The answer should be an exact repeat of the stretch of material below from the line containing "Porsche Cayenne White" through the line containing "인천 서해구 청라동 95-3".
(Beginning of Material for the task)
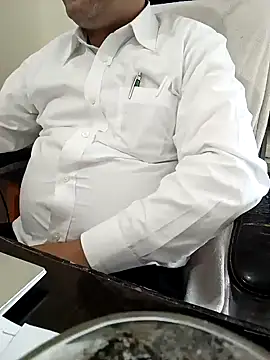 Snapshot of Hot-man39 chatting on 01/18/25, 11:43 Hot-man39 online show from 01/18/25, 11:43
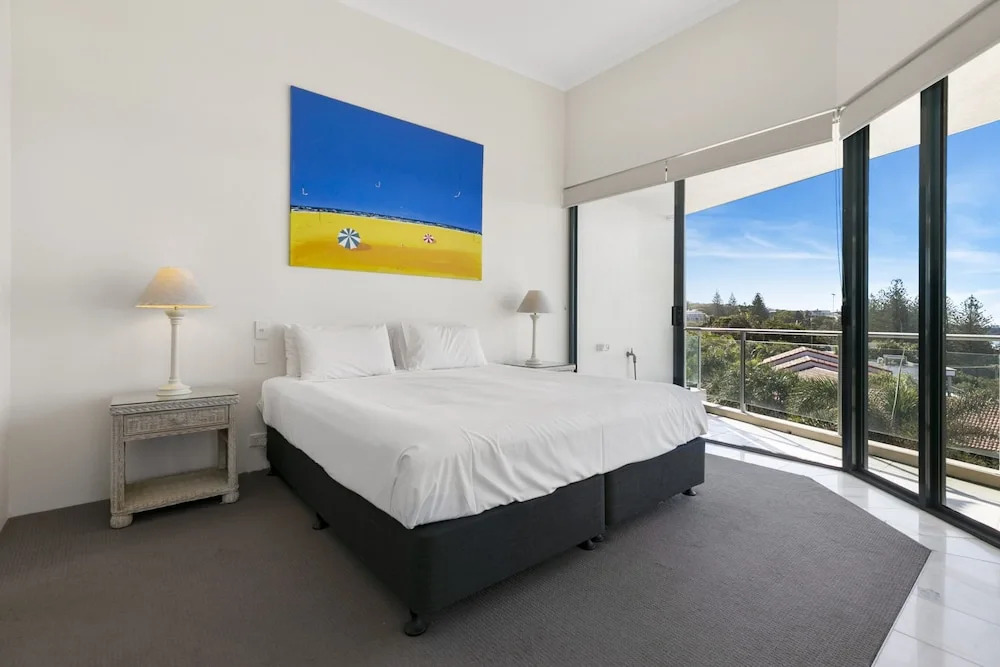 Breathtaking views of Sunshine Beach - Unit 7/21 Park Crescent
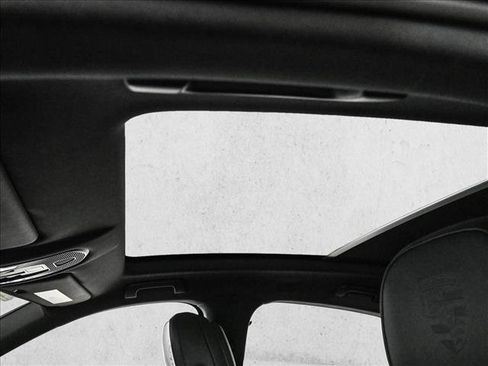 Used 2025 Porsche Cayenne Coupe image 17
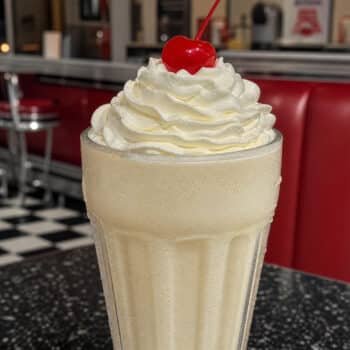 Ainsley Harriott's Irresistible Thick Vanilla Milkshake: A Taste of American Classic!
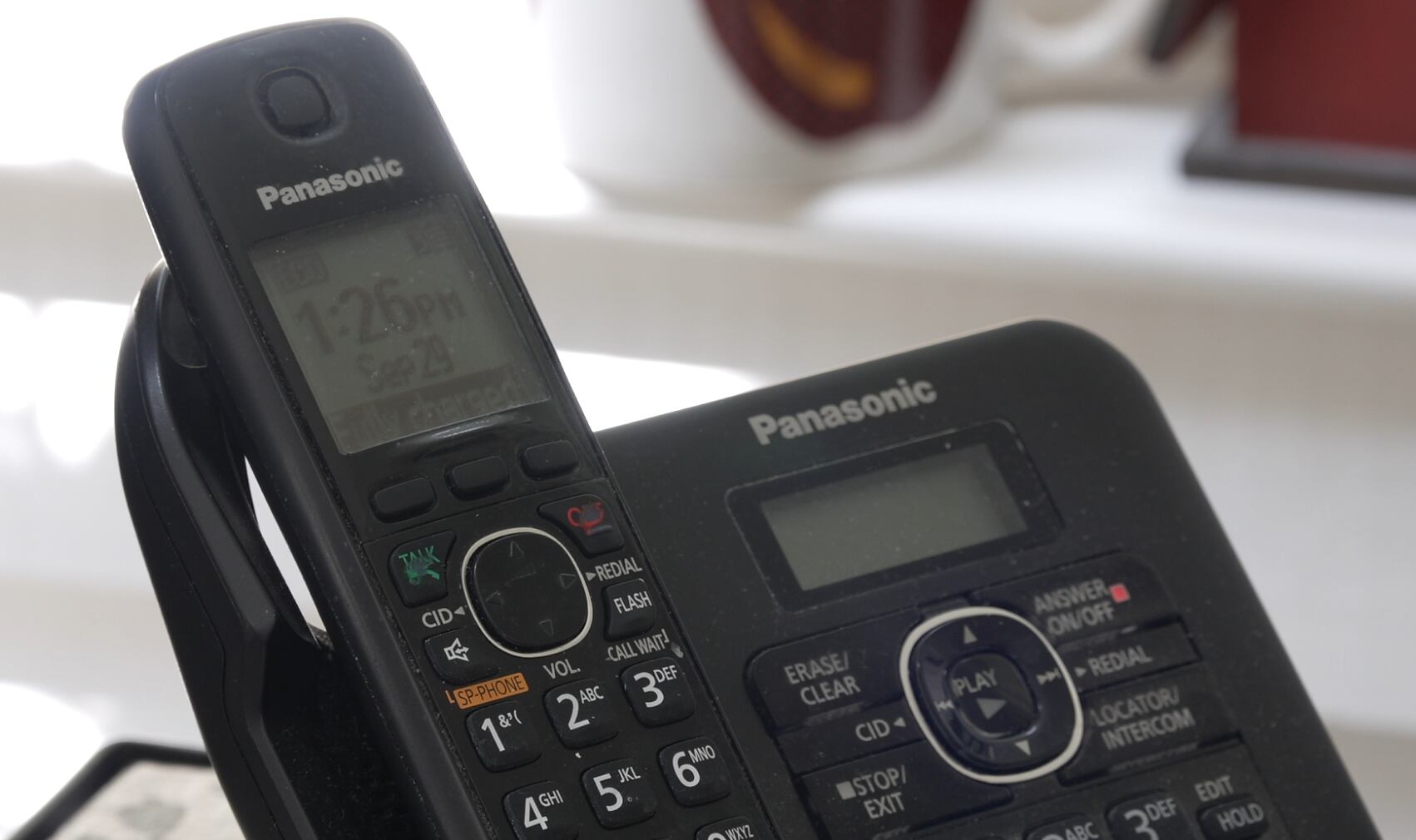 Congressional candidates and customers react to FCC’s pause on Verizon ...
(End of Material for the task)
(Beginning of Material for the task)
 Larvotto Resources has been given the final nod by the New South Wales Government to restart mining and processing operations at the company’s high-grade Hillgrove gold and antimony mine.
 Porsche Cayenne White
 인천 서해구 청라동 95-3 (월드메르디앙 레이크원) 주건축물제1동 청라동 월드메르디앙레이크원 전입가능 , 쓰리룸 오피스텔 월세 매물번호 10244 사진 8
(End of Material for the task)
Exercise response =>
 Porsche Cayenne White
 인천 서해구 청라동 95-3 (월드메르디앙 레이크원) 주건축물제1동 청라동 월드메르디앙레이크원 전입가능 , 쓰리룸 오피스텔 월세 매물번호 10244 사진 8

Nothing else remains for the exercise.